START Input data

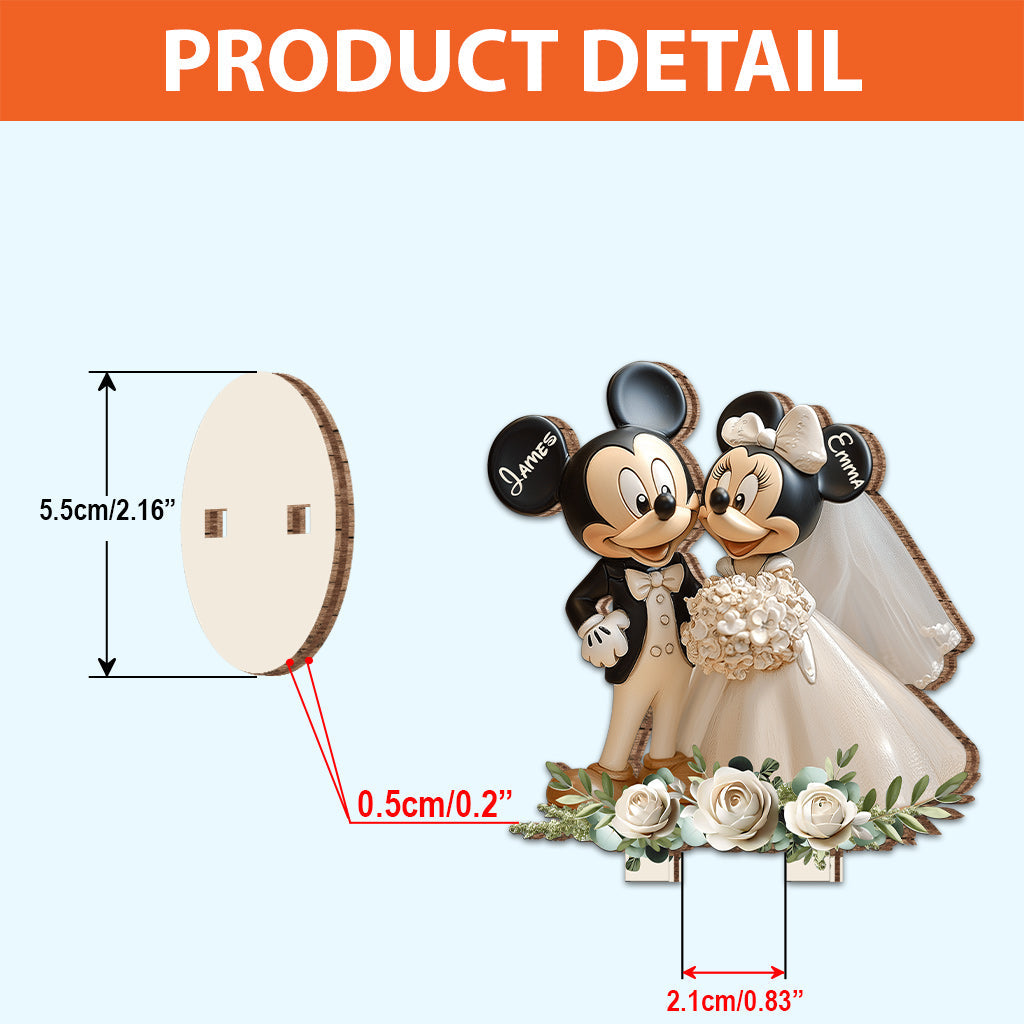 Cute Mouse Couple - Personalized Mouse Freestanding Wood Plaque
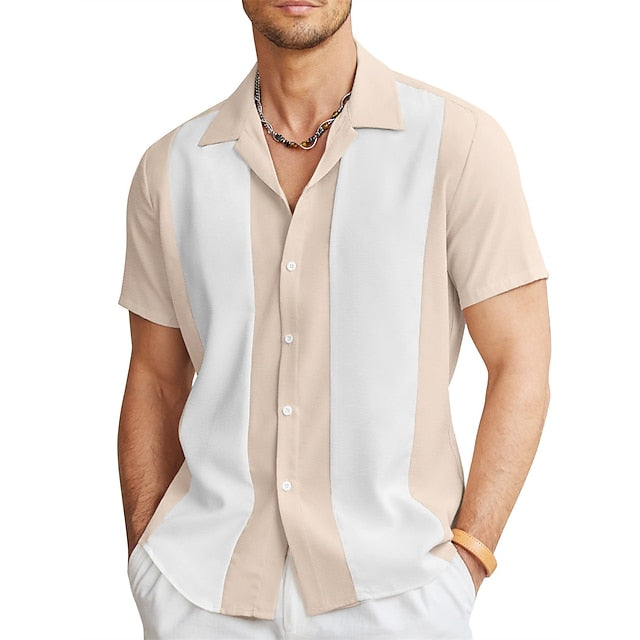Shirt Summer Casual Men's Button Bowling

END Input data
START Input data

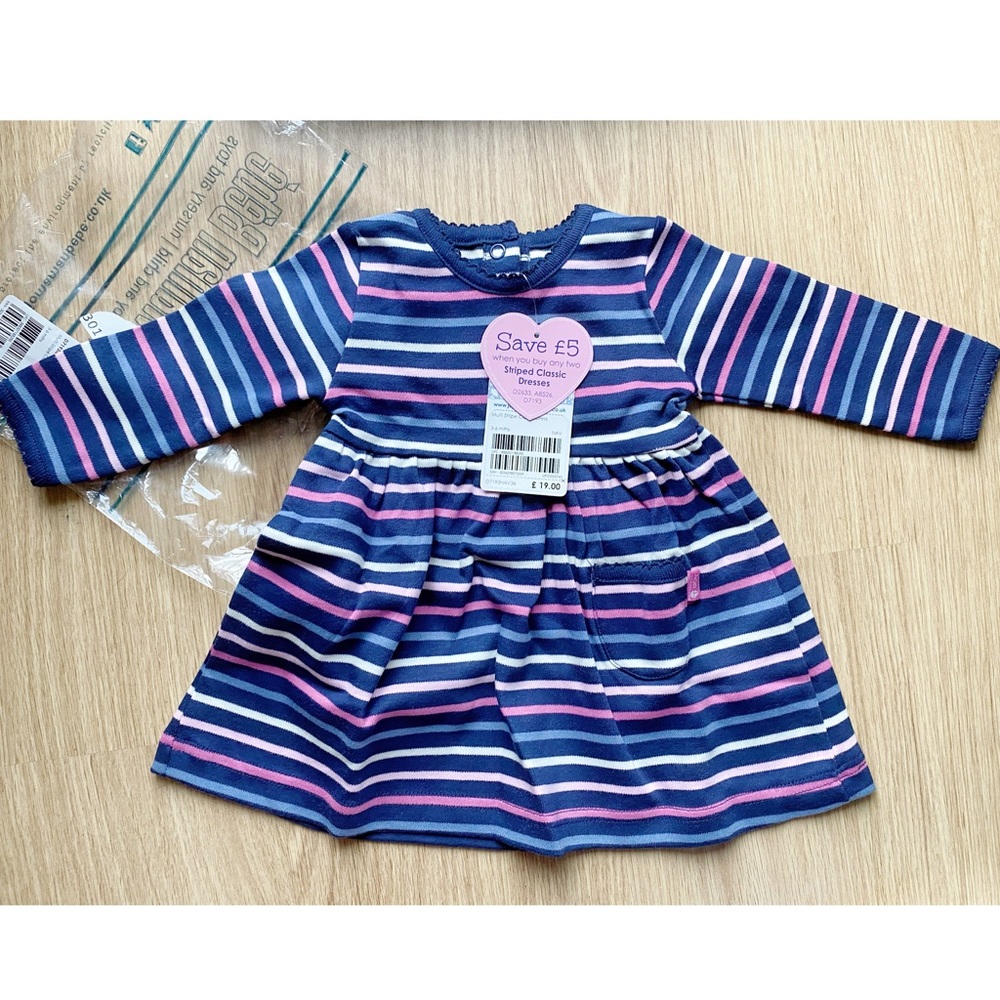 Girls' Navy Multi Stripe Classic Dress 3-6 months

END Input data
START Input data

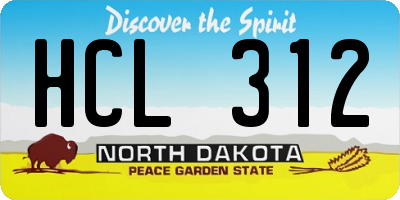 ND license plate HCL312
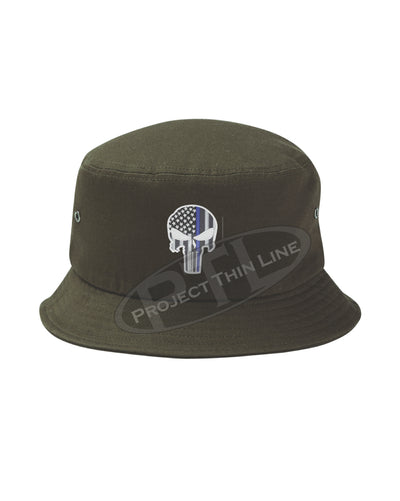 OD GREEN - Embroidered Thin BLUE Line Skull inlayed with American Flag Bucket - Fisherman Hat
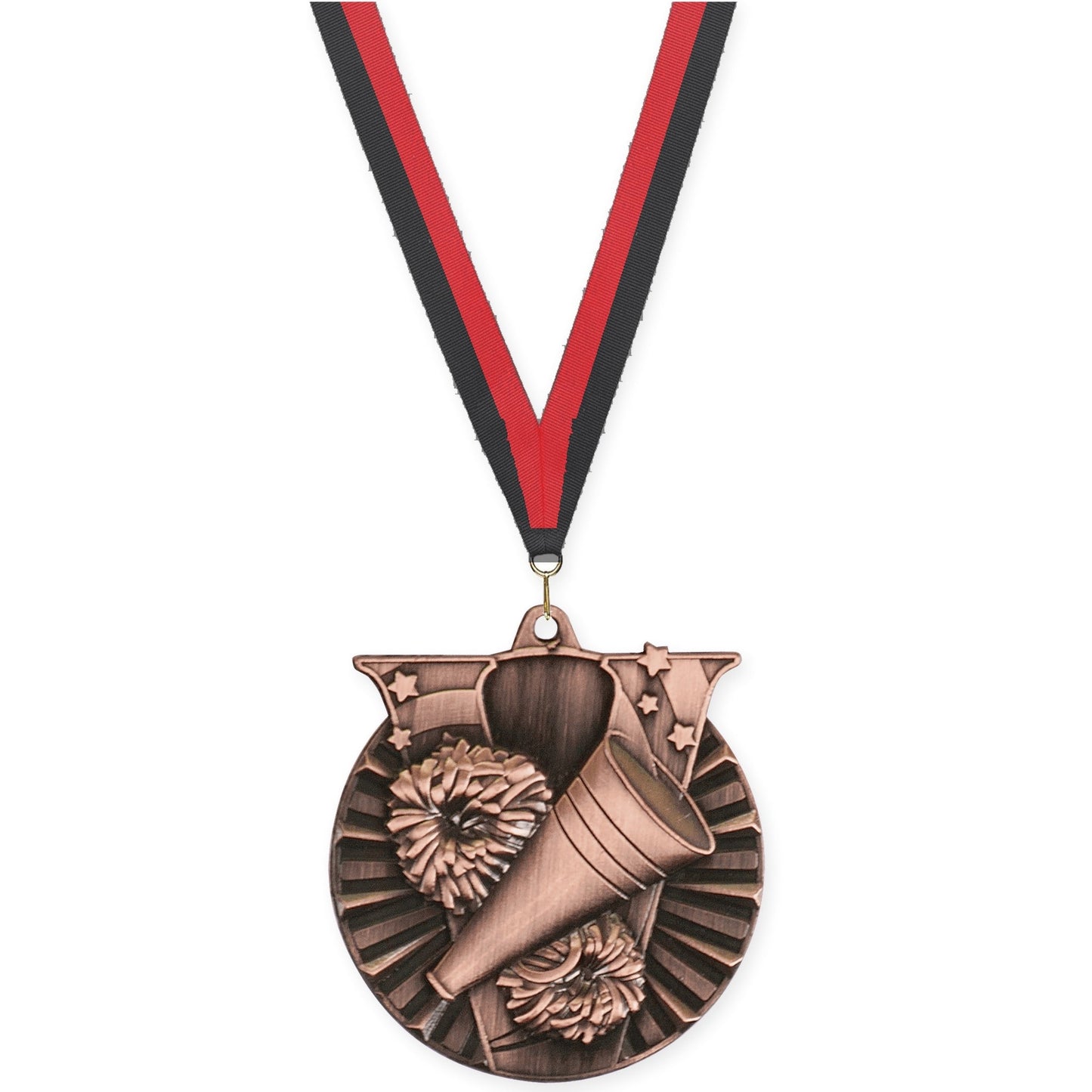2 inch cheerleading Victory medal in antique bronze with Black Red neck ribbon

END Input data

Both the line containing "OD GREEN - Embroidered" and the line containing "2 inch cheerleading" above belong in the output, as do the lines between them. Print them exactly, without pictures.

Solution below>
 OD GREEN - Embroidered Thin BLUE Line Skull inlayed with American Flag Bucket - Fisherman Hat
2 inch cheerleading Victory medal in antique bronze with Black Red neck ribbon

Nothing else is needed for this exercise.